LONDON (UK): Global shares fell for the fifth straight day and the dollar remained firm in a flight to safety on Friday as rising coronavirus cases compounded concerns over Chinese growth and the outlook for US stimulus.
The swirling economic currents have weighed on sentiment all week, setting a cautious tone ahead of a meeting of US central bankers at Jackson Hole next week, with markets watching for any sign of monetary tightening in the world’s biggest economy.
“The Delta variant remains the biggest worry for investors right now, and along with the question of waning vaccine efficacy has made the risks to the outlook much more pronounced relative to just a few months ago,” Deutsche Bank analyst Jim Reid said in a note to clients.
“However, nervousness about possible tapering by the Fed ahead of next week’s Jackson Hole speech by Chair (Jerome) Powell, along with a potential Chinese growth slowdown have further played on investors’ minds, and brought the narrative a long way from the reflation hopes many had back in Q1.”
The MSCI World Index, a broad gauge of global shares, was last down 0.3%, on course for its biggest weekly fall since February as small gains in Europe’s top markets failed to make up for Asian losses overnight.
U.S. stock futures, meanwhile, pointed to Wall Street opening down 0.2%-0.4%.
Asian shares limped into the weekend with their lowest close since November, with MSCI’s broadest index of Asia-Pacific shares outside Japan down 1.1% and 4.9% lower on the week, its weakest since February.
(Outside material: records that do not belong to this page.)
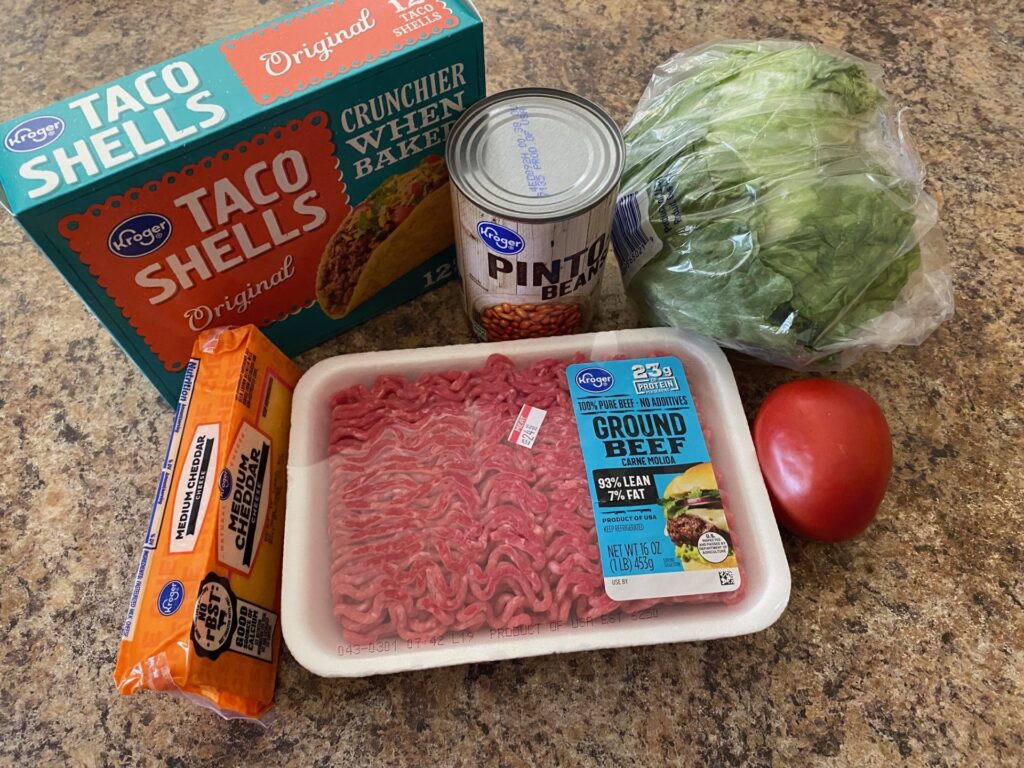 taco shells, ground beef, pinto beans, lettuce, tomato, and cheese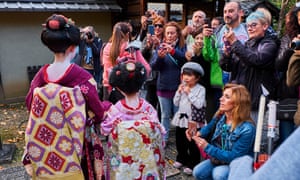 Tourists taking photos in the Gion district last year.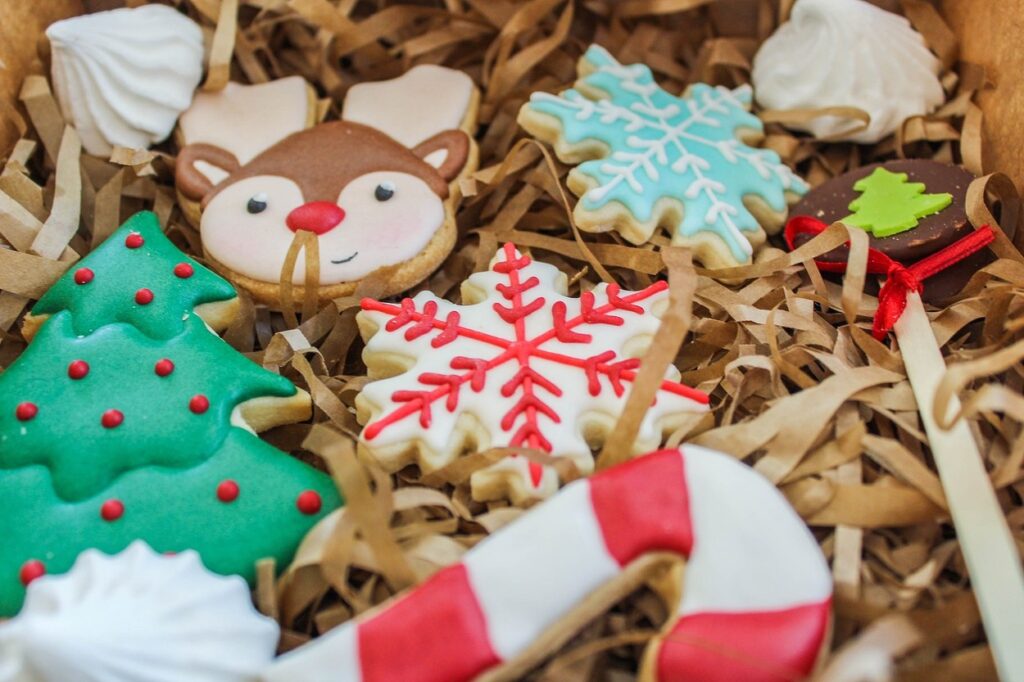 A box of decorated christmas cookies in a box.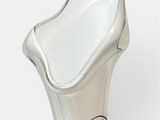 a white vase with a silver base on a white background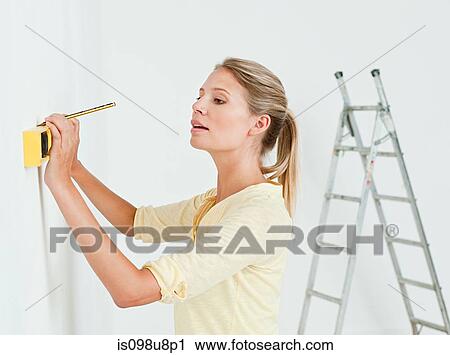 Young woman using spirit level on wall View Large Photo Image Stock Image - Young woman using spirit level on wall. Fotosearch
The Hong Kong benchmark touched its lowest this year, before closing down 1.8% while Chinese blue chips fell 1.9% with markets spooked by slowing Chinese growth and regulatory intervention across a range of sectors.
Hong Kong’s embattled tech sub index ended down 2.5% as state media said China’s National People’s Congress on Friday officially passed a law designed to protect online user data privacy, which is expected to add more compliance requirements for companies in the country.
Despite the market weakness, Mark Dowding, chief investment officer at BlueBay Asset Management, said abundant liquidity meant there was “plenty of cash that can buy the dip, so we doubt any correction in risk assets will run too far”.
“Once we can look beyond the crest of the Delta wave, there may be calmer waters ahead and so this seems like a good time to be building and holding positions, with an eye towards the medium-term rather than playing for the vagaries of shorter-term price action.”
With cases of the Delta variant of coronavirus picking up again across the globe from the United States to Australia, New Zealand and Japan, safety was key and the dollar a chief beneficiary.
The dollar index, which measures its performance against six rivals, rose as high as 93.684 for the first time since early November, while gold also rose, up 0.1% and heading for its second straight week of gains.
U.S. Treasury yields inched lower, with the yield on benchmark 10-year Treasury notes at 1.233% compared with its U.S. close of 1.242%.
Euro zone bond yields were broadly steady, with benchmark German yields down slightly at -0.49%.
Elsewhere in currencies, the Australian and New Zealand dollars both fell to nine-month lows as coronavirus cases there rise. The euro was up 0.1%.
Oil prices continued to edge lower, building on sharp falls earlier in the week, with U.S. crude down 0.4% at $63.46 a barrel and Brent crude down 0.4% at $66.20 per barrel.